The American Psychiatric Association recently released an updated version of its manual of mental disorders (DSM-5) and this time it includes a new addition: Caffeine withdrawal.

It’s mighty easy to get addicted to coffee—it’s even encouraged, provided for free in workplaces. But many of us have found ourselves in the classic addict’s conundrum: After a while it stops getting you up—you just feel down without it. So you decide to kick it and switch to peppermint tea for a week. All hell breaks loose—you’re dazed, racked with a throbbing headache and tired as hell. So you think, just one cup. Next thing you know you’re putting off quitting until next week.

We’ve all been there. But the APA is now willing to call this a full-on mental disorder. Withdrawal “conditions are considered mental disorders when they impair a person’s ability to function in daily life,” writes the Wall Street Journal. It’s not exactly clear to me why this is being classified as mental disorder rather than just a physiological reaction. But if you’ve ever felt caffeine withdrawal, “impairing a person’s ability to function in daily life” is not hyperbole.

Caffeine withdrawal was upgraded from its previous status as pending in the last DSM. Researchers have concluded that in order to have full-on caffeine withdrawal a person needs to experience at least “three of five symptoms within 24 hours of stopping or reducing caffeine intake: headache, fatigue or drowsiness, depressed mood or irritability, difficulty concentrating, and flulike symptoms such as nausea or muscle pain.”

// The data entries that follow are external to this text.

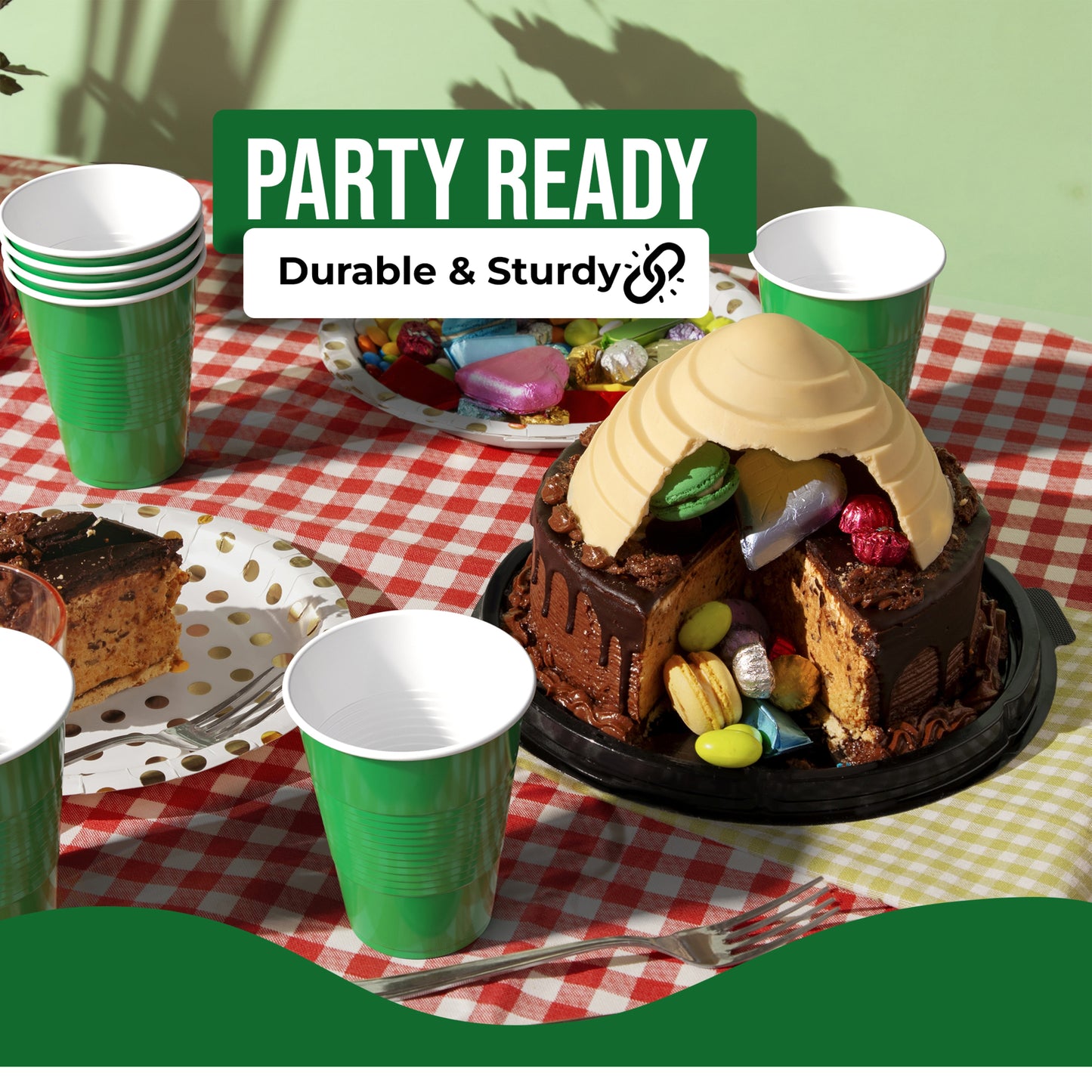 18 Oz. Emerald Green Plastic Cups - 50 Ct.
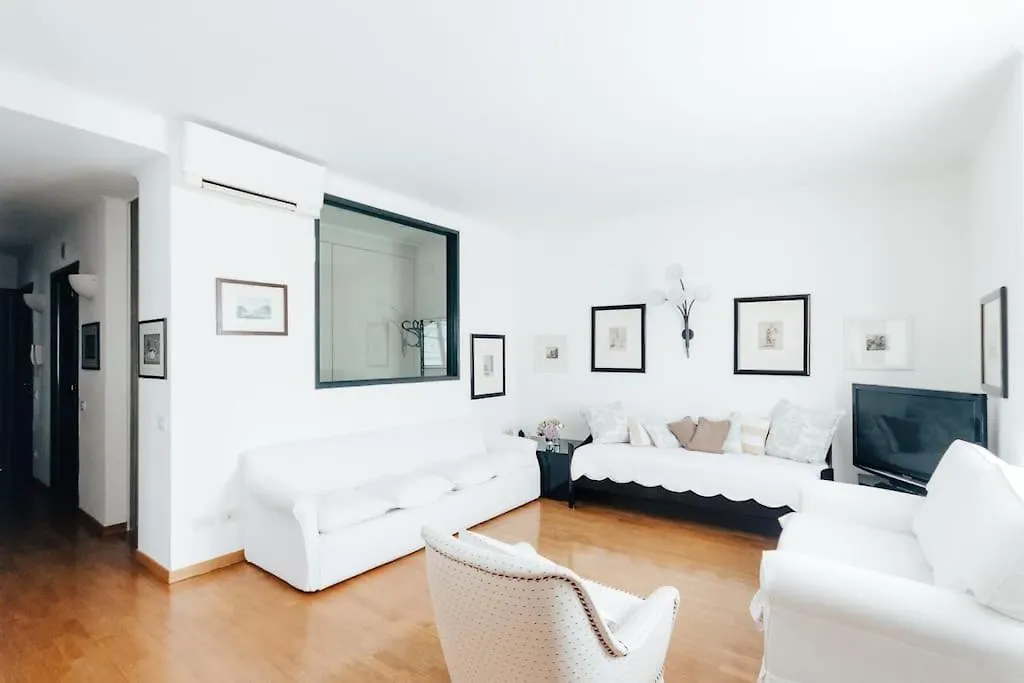 La Casa Di Isa Apartment Lecco
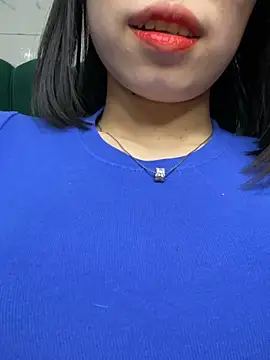 Snapshot of Bella_babei01 chatting on 11, 1, 2025 Bella babei01 online show from 11, 1, 2025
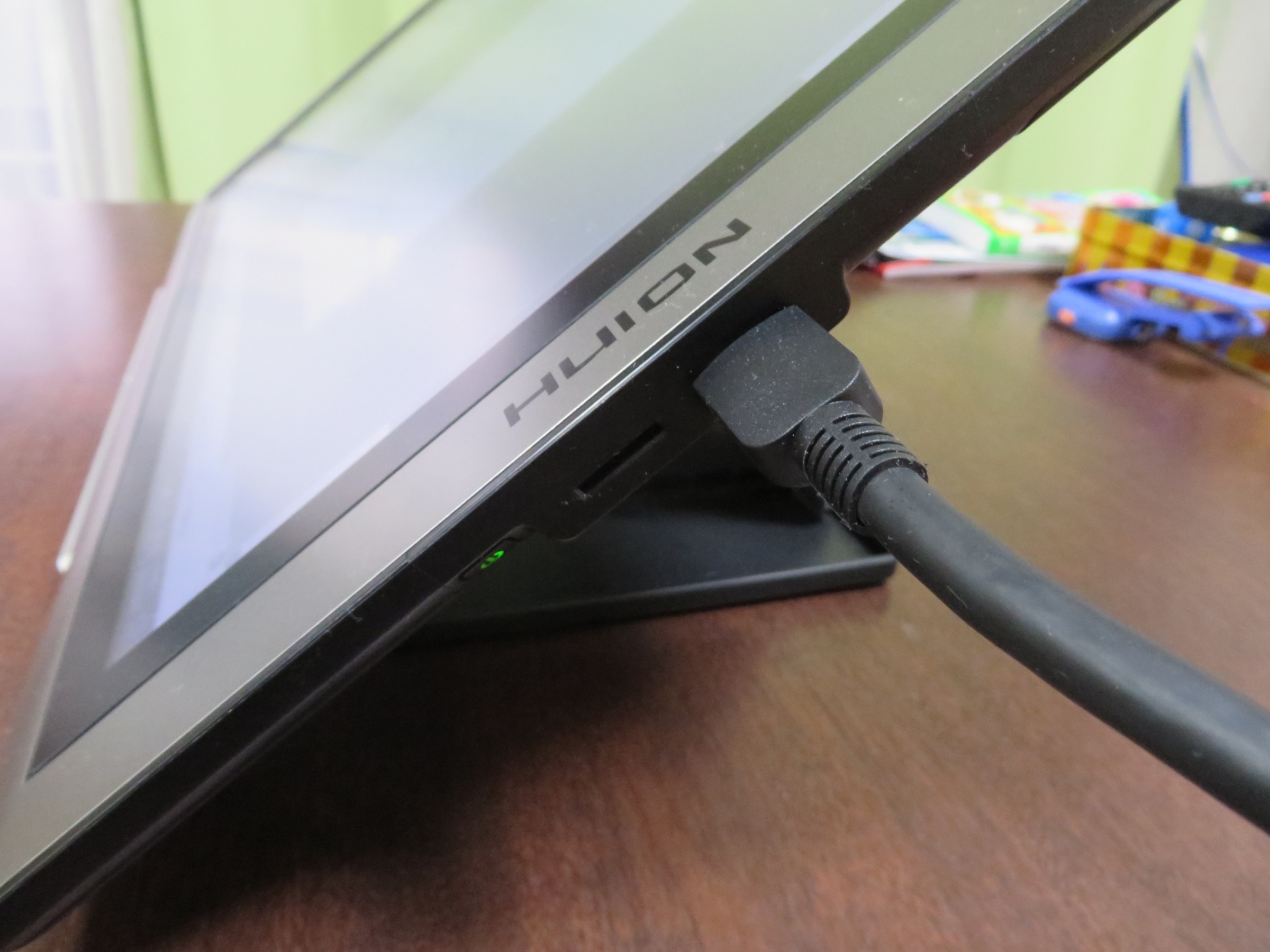 HUIONの液晶ペンタブレットKAMVAS GT-156HD v2を使ってみた – OSAKANA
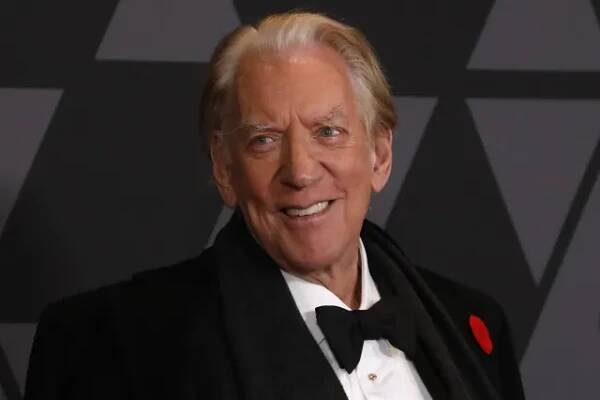 Zemřel herec Donald Sutherland. Žádná role ho nezastrašila, napsal syn Kiefer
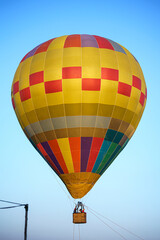 Naklejka premium Hot Air Balloon With Sky Background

Roland Griffiths, a professor at Johns Hopkinis who advised the APA, has some tips for kicking the habit:

He recommends the seriously addicted “gradually reduce their caffeine intake over a period of weeks” and and start by mixing decaffeinated drinks with caffeinated ones (half-caf, in Starbucks parlance) to slowly reduce their caffeine by about 25% per week.

Griffiths says this is the best way to wean off the drug without getting crippling headaches, of which about 50% of caffeine addicts get.

But Griffiths also defends the merits of caffeine: “If I’m sleep deprived, it’s a really effective drug. It’s very useful if you’re not dependent on it because then it’s more powerful and more effective and you don’t have any withdrawal,” he says.

Given that most Americans are pretty much always sleep deprived, the lesson here apparently is that you need to pick what days you’re going to be your best, caffeinated super-hero self, and when you’re just going to be your regular zombie self.